On its website, Frontier Developments calls its current game, Elite: Dangerous, a massively multiplayer online space adventure. Put simply: Elite: Dangerous is an MMO in space.
The MMO genre comes with expectations. Typically, an MMO takes place in a persistent world, where the things you do stay there even when you stop playing. MMOs let you group up with other people to play and complete important tasks together, whether that’s through big groups, private groups, or just next to each other in the open world. MMOs are always online for a reason: to interact with other people.
Elite: Dangerous, at least in its current beta form, is barely an MMO. To be fair, it’s still in development. Its MMO features could be added and fixed before it’s finished. But there’s only 36 days left before Frontier will release the game to the public as a finished, MMO space adventure.
How multiplayer is supposed to work
Elite: Dangerous is about flying your space ship in a 1:1 recreation of the Milky Way galaxy, doing odd jobs, combat, and picking up cargo to make money.
Frontier originally promised in its 2013 Kickstarter that you would be able to do all of that with other pilots and even gather into bigger groups to take on more challenging content in raids and other co-op missions.

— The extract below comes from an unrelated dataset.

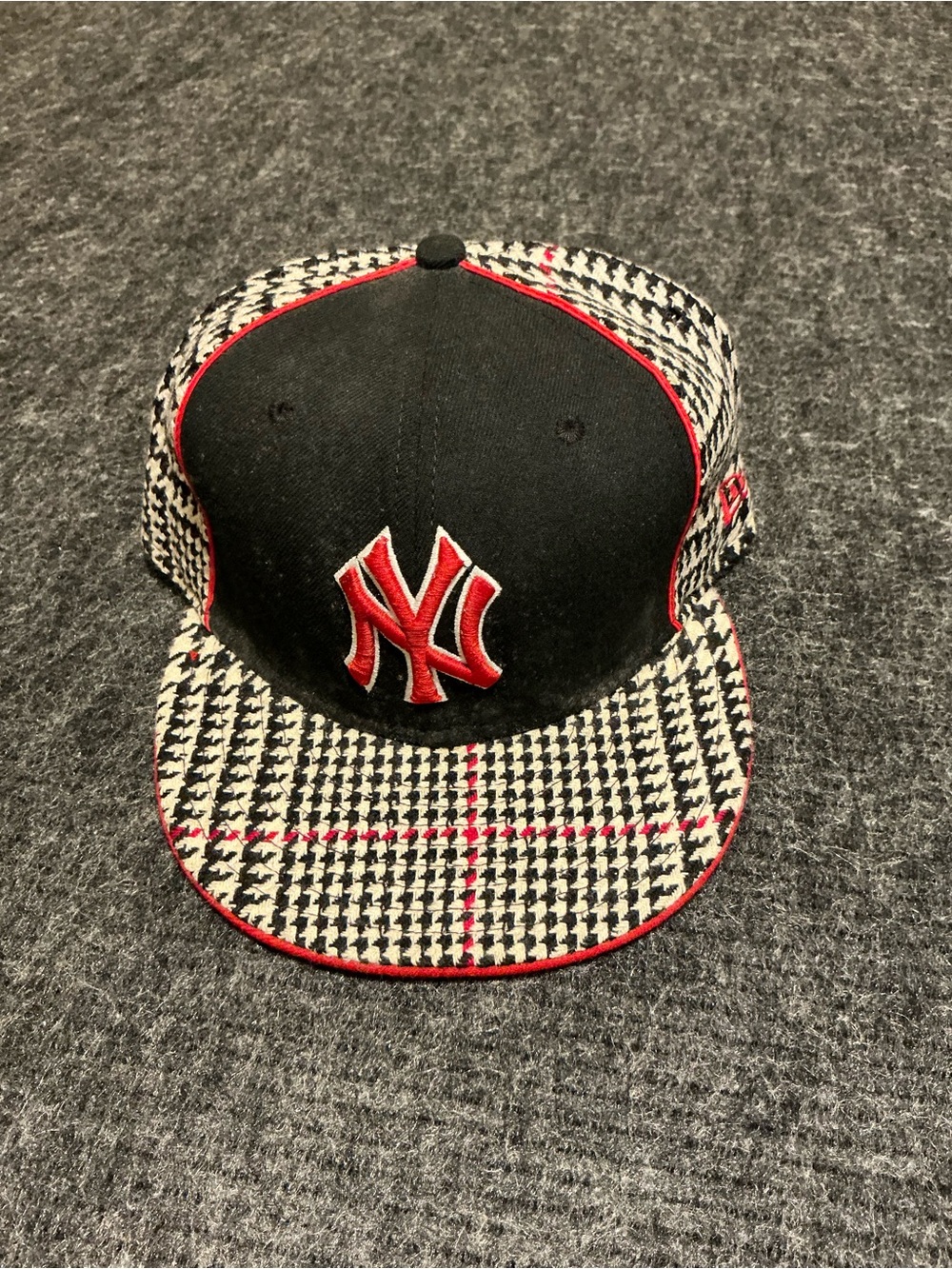 New Era Black & White Houndstooth 59FIFTY Fitted Cap with Blue Labels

Because the game is so big–remember, it’s the Milky Way galaxy–Frontier has developed a fairly complex system of grouping players together. There are two ways it does this now and one way it promised several months ago that isn’t in the game yet.
1. All players group – While you’re flying through space you will randomly come upon other players. If you have people on your friends list, they will have a better chance of showing up. Or if you’re ignoring some players, they will be less likely to show up. The result is like any other MMO: you’ll see people flying by while you’re doing your own thing.
2. Private group – Say you have a few friends you’d like to exclusively play with. Private groups let you add them to a list and force the game to only ever let you run into whoever is on it. If your friend Sarah is not in your private group, she won’t show up. This basically restricts the people you will randomly run into.
3. Alliances – Alliances aren’t in the game yet, but they are said to work like private groups except there are benefits and consequences. To form an alliance, a group of players would confirm trust between each other and would be able to transfer cargo, shoot each other freely, fly together, show up in the same star systems, and would gain bounties or criminal fines as one. Think of an alliance as like a clan or a guild, where everyone is responsible for what anyone else does, but they get to work together.
How multiplayer works right now
The sad fact is that right now, it kind of doesn’t.
Frontier’s servers that are supposed to bring people together have been wonky in the beta for a while now, which means grouping up with friends is hit or miss. Some people claim it work most of the time, and others say it almost never works.
Here’s a video of two people trying to find each other. It’s not easy.
When it does, you can text or voice chat with other ships, do missions with them or fight each other, but you’re not incentivized or rewarded for doing so. There are no specific co-op missions or any raids in the beta. The most multiplayer-focused thing is the auction house where you can buy and sell items with other players.
This a problem, especially considering the game is being billed as an MMO with a little over a month before it’s publicly sold as a finished game for $60.
“Adventure is meaningless to me if there’s no one to share it with,” Reddit user Neex wrote in a popular thread of people discussing the game’s problems, primarily it’s multiplayer. “Until basic multiplayer functionality is complete, I would not consider the game finished.”